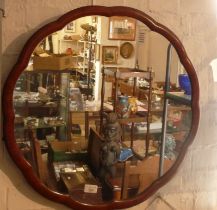 Walnut framed round wall mirror, 24" diameter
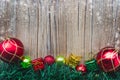 Christmas gift boxes and balls background on wooden texture Royalty Free Stock Photo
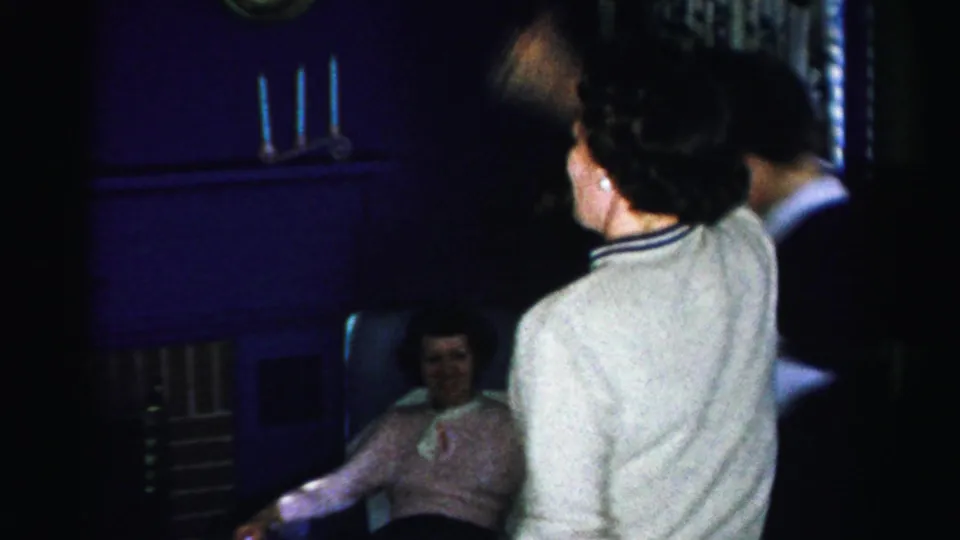 Indoor gathering circa mid-1950s Albany New York; a woman in a pink shirt seated in an armchair smiles as two others stand in the foreground with candlesticks visible behind her.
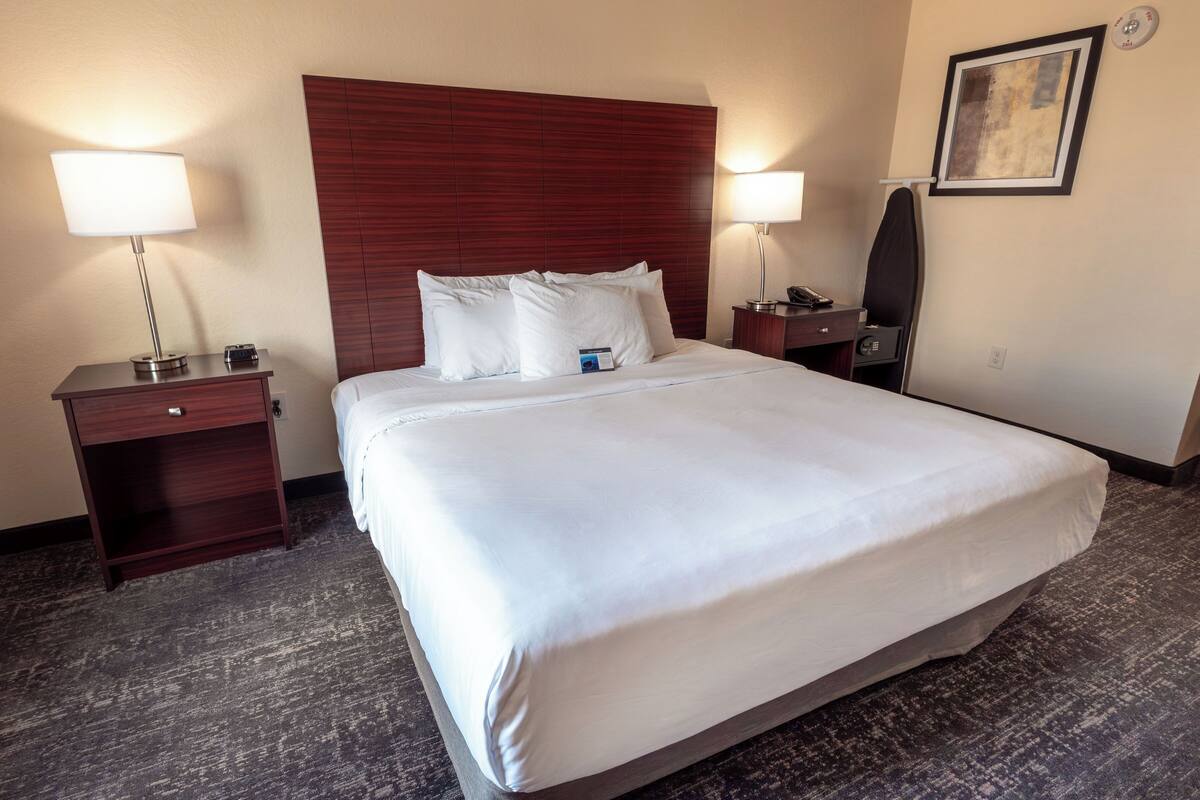 A hotel room with a large bed, two bedside tables, a nightstand, a lamp, a mirror, and a framed picture on the wall.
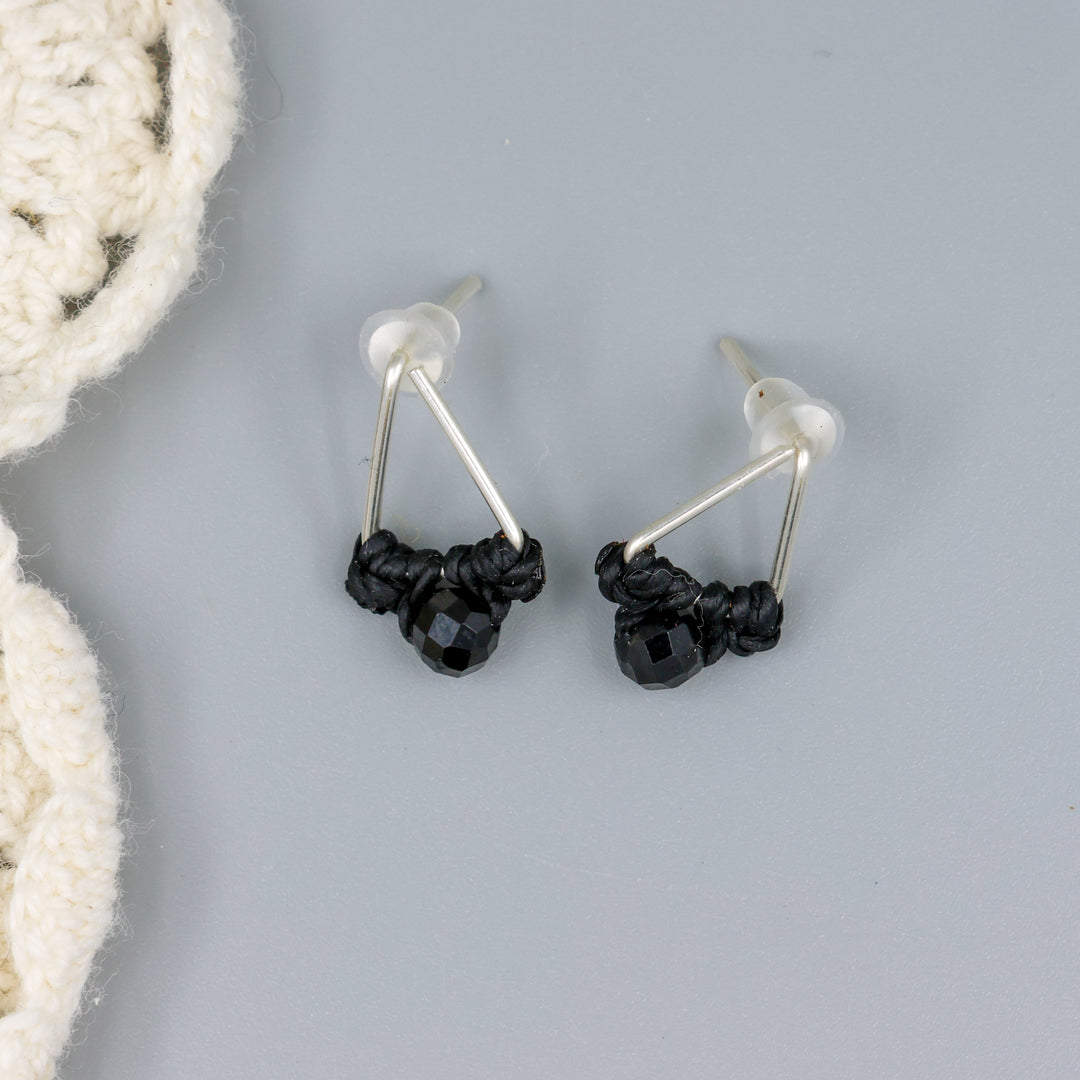 handmade triangle stud earrings sterling silver with black spinel beads overhead view
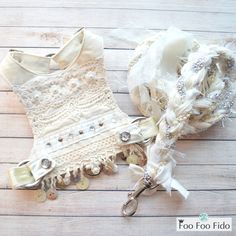 a pair of white garters on top of a wooden floor next to buttons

WORK INSTRUCTIONS: Give back exactly the lines from the line with "Christmas gift boxes" through the end of the records, both included; keep all pictures out.

SOLUTION BELOW:
 Christmas gift boxes and balls background on wooden texture Royalty Free Stock Photo
 Indoor gathering circa mid-1950s Albany New York; a woman in a pink shirt seated in an armchair smiles as two others stand in the foreground with candlesticks visible behind her.
 A hotel room with a large bed, two bedside tables, a nightstand, a lamp, a mirror, and a framed picture on the wall.
 handmade triangle stud earrings sterling silver with black spinel beads overhead view
 a pair of white garters on top of a wooden floor next to buttons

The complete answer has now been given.